**EXERCISE AIM**
What is needed is a word-for-word copy of every record below, minus the pictures.

Segment Start: EXERCISE INPUT

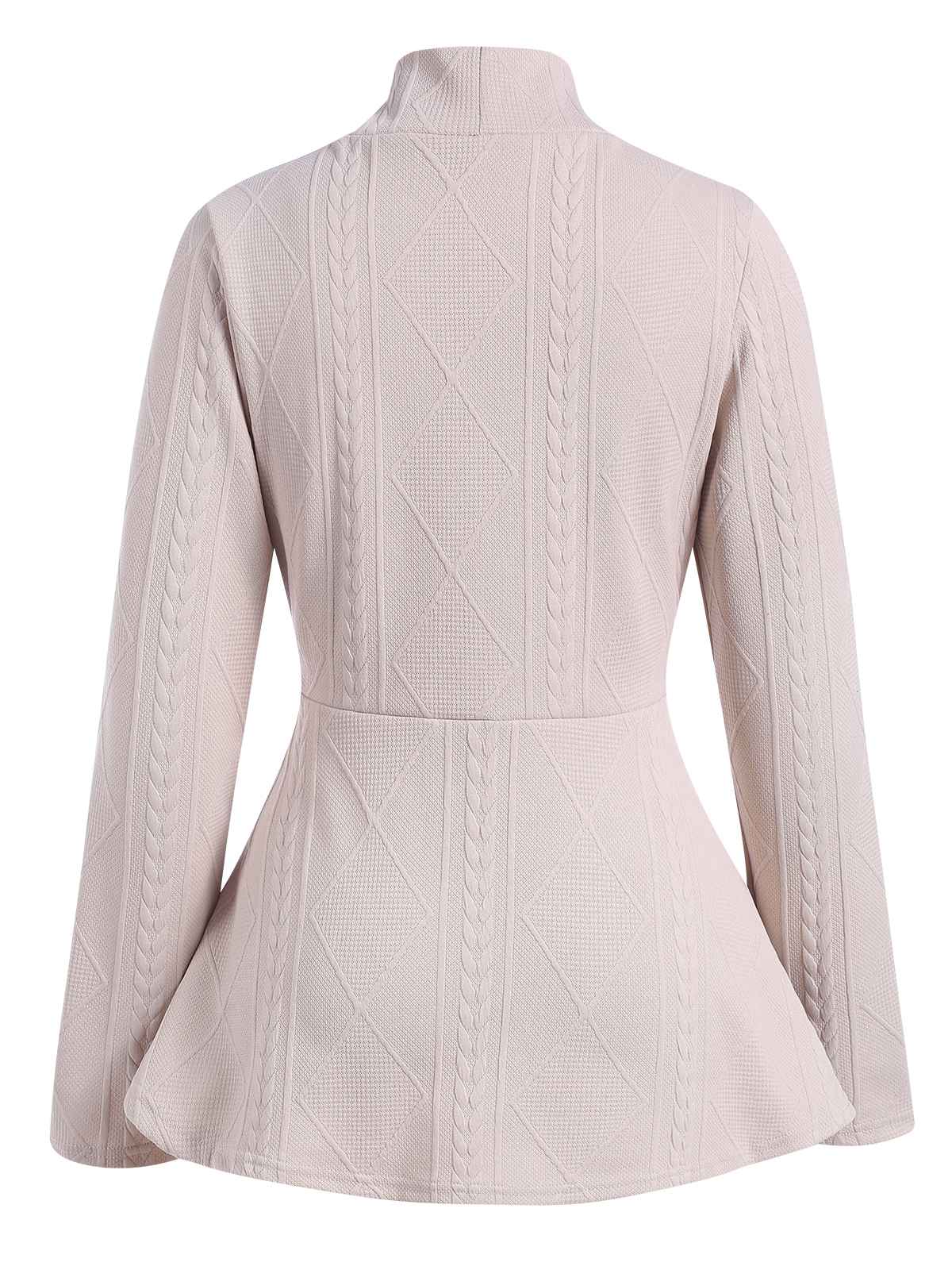 1960s Pearl Buttoned Waisted Flare Long Sleeve Coat - Image 6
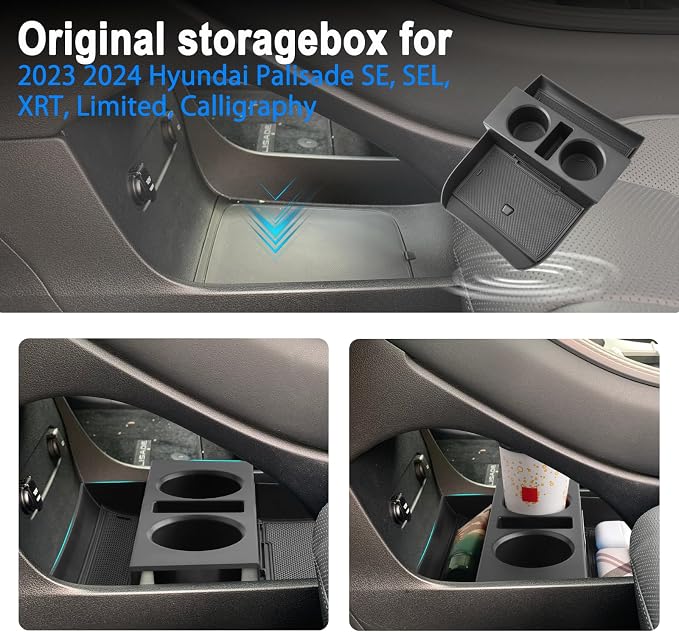 SHAOHAO 2024 2025 Palisade Lower Organizer Tray for Hyundai Palisade Accessories 2023 2024 2025 Palisade SE, SEL, XRT, Limited, Calligraphy Under Organizer Tray Insert Storage Pallet with Cup Holder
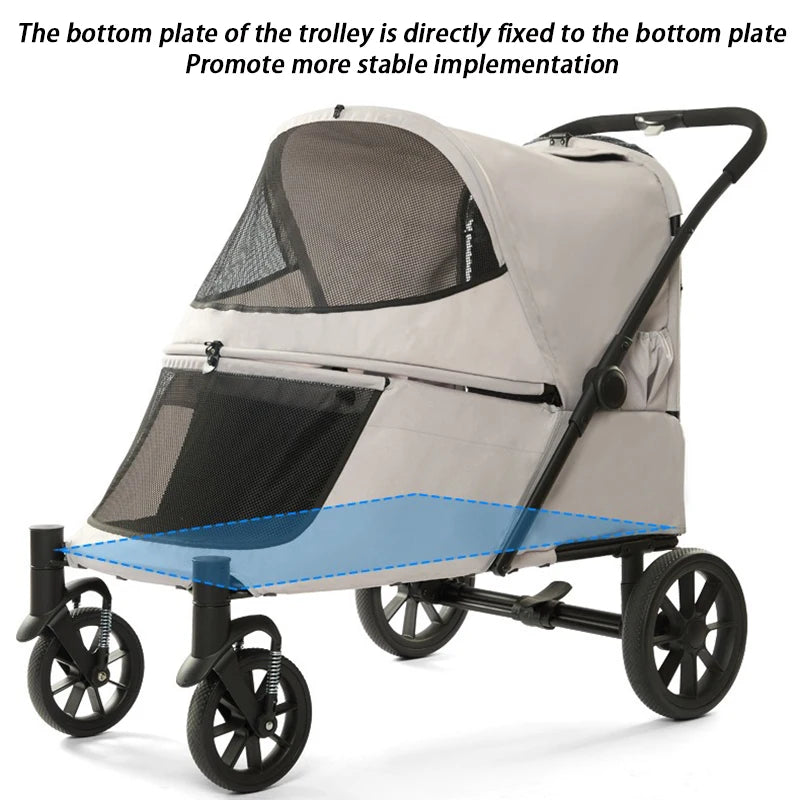 Medium Large Dog Strollers with Climbing Ramp Foldable Pet Stroller Cat Luxury Designer Outdoor Dog Trolley Wheels Pets Supplies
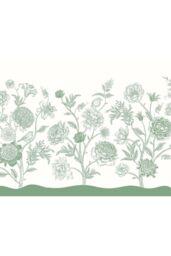 Origin Murals Jacobean Rose Trail Wall Mural in Green - Size: W300 cm x H240 cm - thumbnail 2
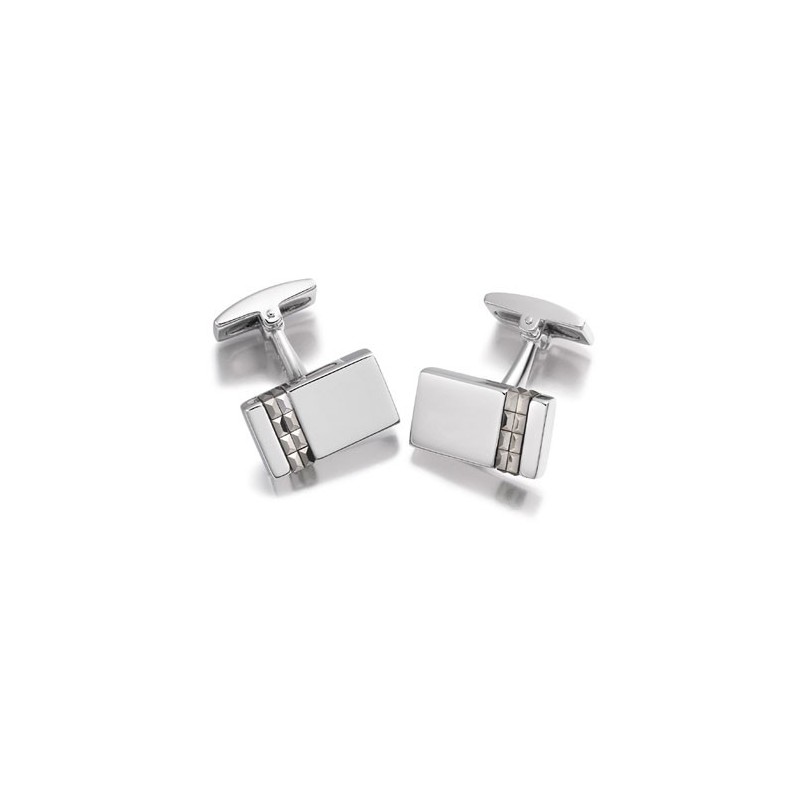 Hoxton London Silver Rectangular Cuffllinks with Marcasite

Segment End: EXERCISE INPUT

**EXERCISE RESULT**
 1960s Pearl Buttoned Waisted Flare Long Sleeve Coat - Image 6
 SHAOHAO 2024 2025 Palisade Lower Organizer Tray for Hyundai Palisade Accessories 2023 2024 2025 Palisade SE, SEL, XRT, Limited, Calligraphy Under Organizer Tray Insert Storage Pallet with Cup Holder
 Medium Large Dog Strollers with Climbing Ramp Foldable Pet Stroller Cat Luxury Designer Outdoor Dog Trolley Wheels Pets Supplies
 Origin Murals Jacobean Rose Trail Wall Mural in Green - Size: W300 cm x H240 cm - thumbnail 2
 Hoxton London Silver Rectangular Cuffllinks with Marcasite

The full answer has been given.